Rosenbaum added: “We’re thrilled he’s getting out of a facility he never should have been in the first place. But he’s lost 45 days of his life. He’s been vilified by the government.”
Rose Richeson, a spokeswoman for U.S. Immigration and Customs Enforcement (ICE), referred a request for comment to the Executive Office for Immigration Review, which did not immediately return an email seeking comment Monday night.
Immigration agents arrested Ramirez on Feb. 10 at a Des Moines apartment complex where they had gone to arrest his father, a previously deported felon. Agents said Ramirez, who came to the U.S. at age 7, acknowledged affiliating with gangs.
He adamantly denies any gang ties or making any such admission.
Ramirez has no criminal record and twice passed background checks to participate in the Deferred Action for Childhood Arrivals (DACA) program, which allows young people brought to the U.S. illegally as children to stay in the country and work.
Ramirez’s case is one of several recent arrests that have left immigration activists fearing an erosion of protections under the DACA program instituted by President Barack Obama in 2012.
About 750,000 immigrants have enrolled in the DACA program since it began.
Ramirez’s attorneys have pressed claims in federal court that the arrest and detention violated their client’s constitutional rights, but a federal judge in Seattle last week upheld a decision not to release him, saying Ramirez instead should challenge his detention in immigration court.
U.S. District Judge Ricardo S. Martinez nevertheless said “many questions remain regarding the appropriateness of the government’s conduct” in arresting him.
Among those questions, Ramirez’s lawyers have said, are whether ICE agents misinterpreted a tattoo on his forearm when they described it as a “gang tattoo” in an arrest report.
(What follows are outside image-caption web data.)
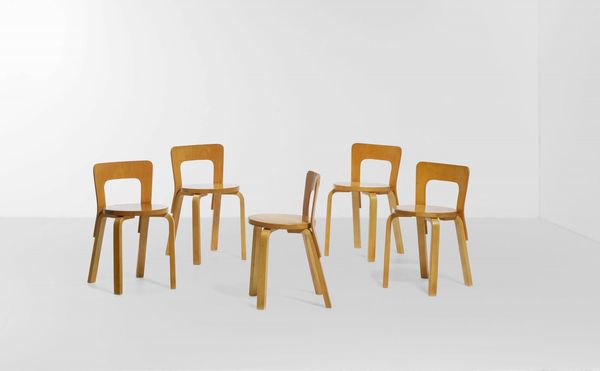 ALVAR AALTO : Quattro sedie Artek, mod. 68  - Asta Design - Associazione Nazionale - Case d'Asta italiane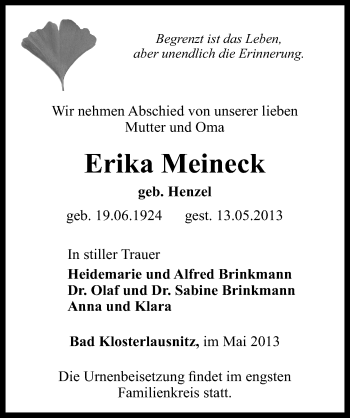 Traueranzeige von Erika Meineck von Mitteldeutsche Zeitung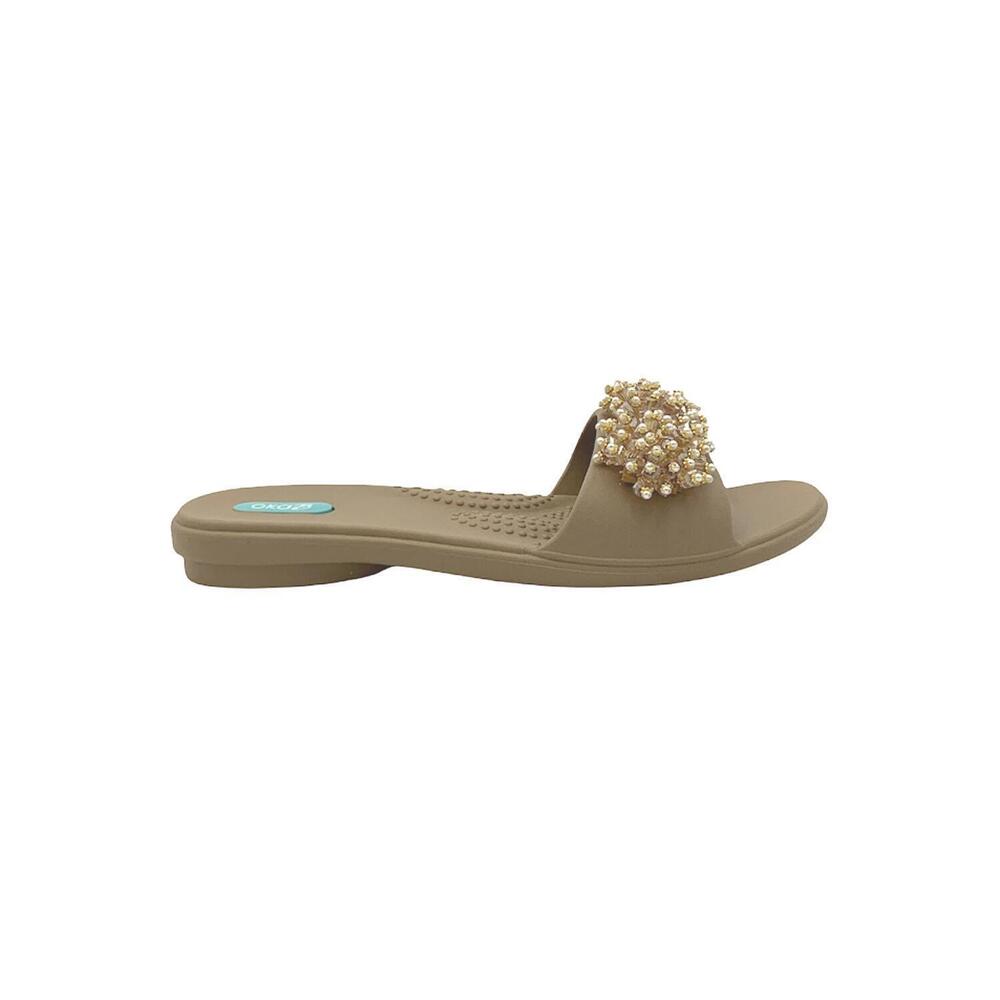 Oka-B Beaded Embellishment Slide Sandals Gaga Chai - Medium
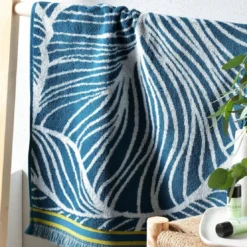 BecquetLot de 2 Gants de toilette Coton éponge motifs feuilles EUCALYPTUS Bleu canard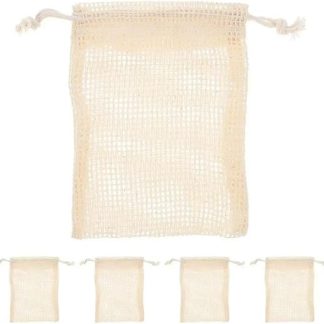Pack of 5 Bath Soap Made of Cotton and Linen Foam Mesh Soap Storage Colourful Bath Soap Linen Soap Random Colour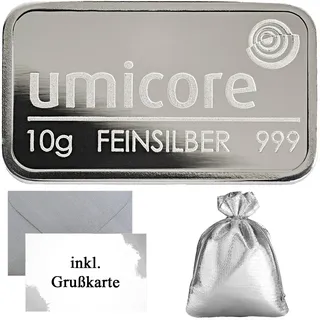 Silberbarren Umicore 999 Feinsilber – LBMA-zertifiziert – Anlagesilber mit Geschenkverpackung und Grußkarte (10g Silber)
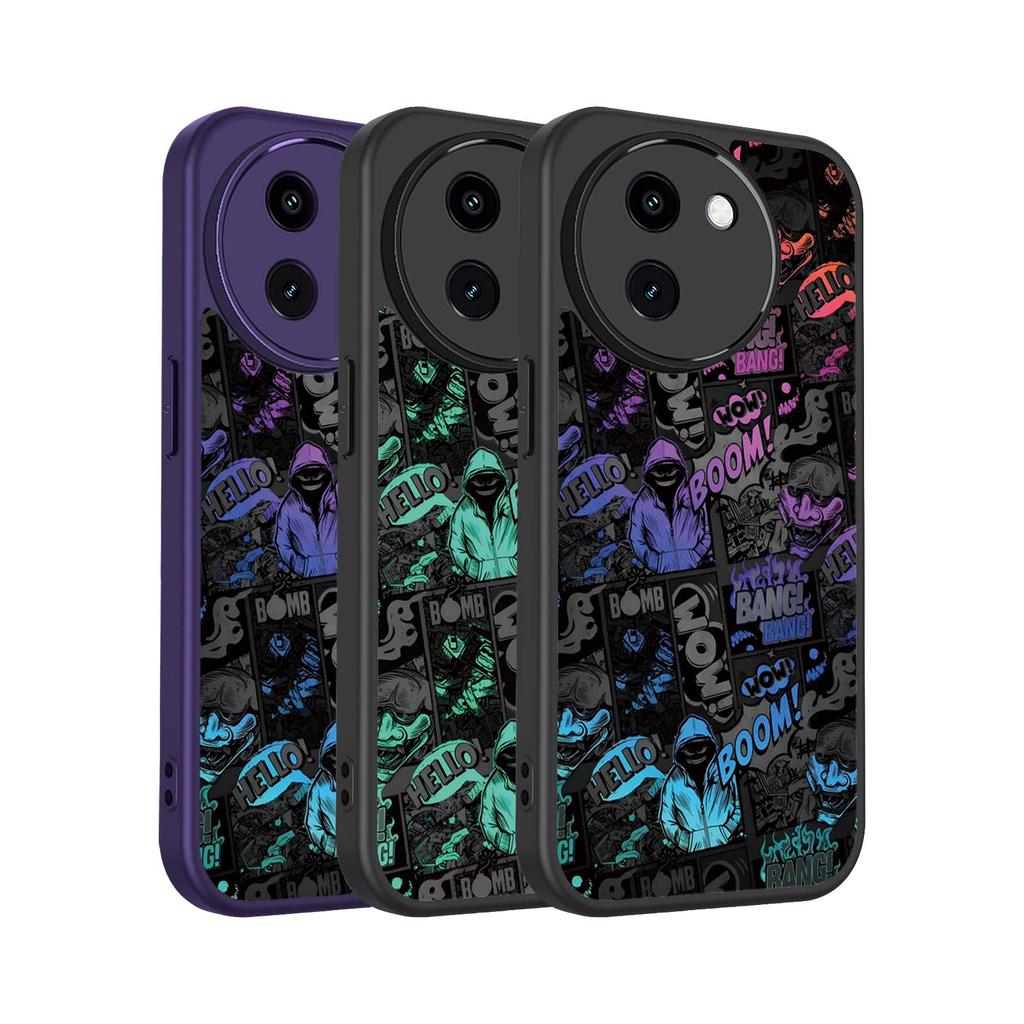 เคสโทรศัพท์สไตล์มังงะเทรนด์กราฟฟิตี Vivo Y200 Y200i Y200E Y100 4G 5G ปลอกกันกระแทก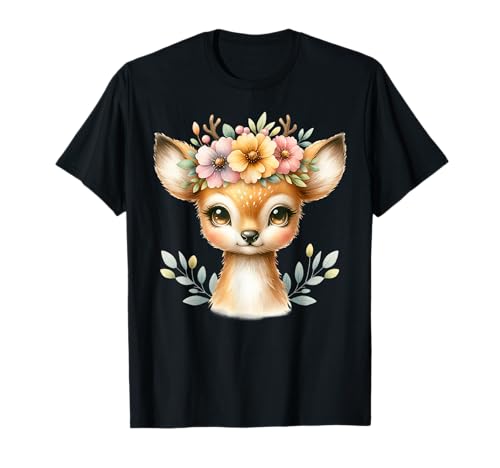 Reh Hirsch - Damen Trachten - Dirndl Trachten T-Shirt Reh Hirsch - Damen Trachten - Dirndl Trachten T-Shirt von Goldener Hirsch mit Blumen Trachtenshirt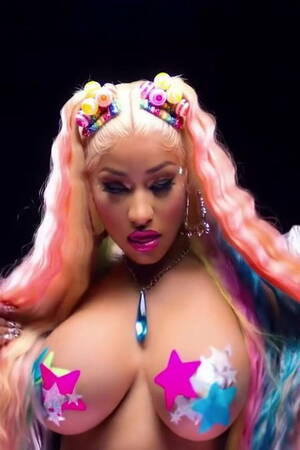 big boobs pasties - Nicki Minaj with star pasties on her huge bouncing breasts | xHamster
The lawyers say the tattoo, which says “La Paz BCS,” pays homage to the city of La Paz in the Mexican state of Baja California Sur, where he was born.
ICE agents in Portland on Sunday arrested Francisco J. Rodriguez Dominguez, a DACA participant who was brought to the U.S. from Morelia, in Mexico’s Michoacan state, at age 5. Last December, he entered a diversion program after a drunken-driving arrest and had attended all his court dates and required meetings, the American Civil Liberties Union of Oregon said in a statement.
The agency said Monday it targeted Rodriguez Dominguez because of the DUI and that he would be released on bond pending deportation proceedings.
Ramirez’s lawyers had sought to keep his case out of federal immigration court, which they said is ill-equipped to handle his claims that his arrest violated his constitutional rights to due process and to be free from unreasonable seizure.
The immigration judge set his bond at $15,000, which his lawyers say will be posted.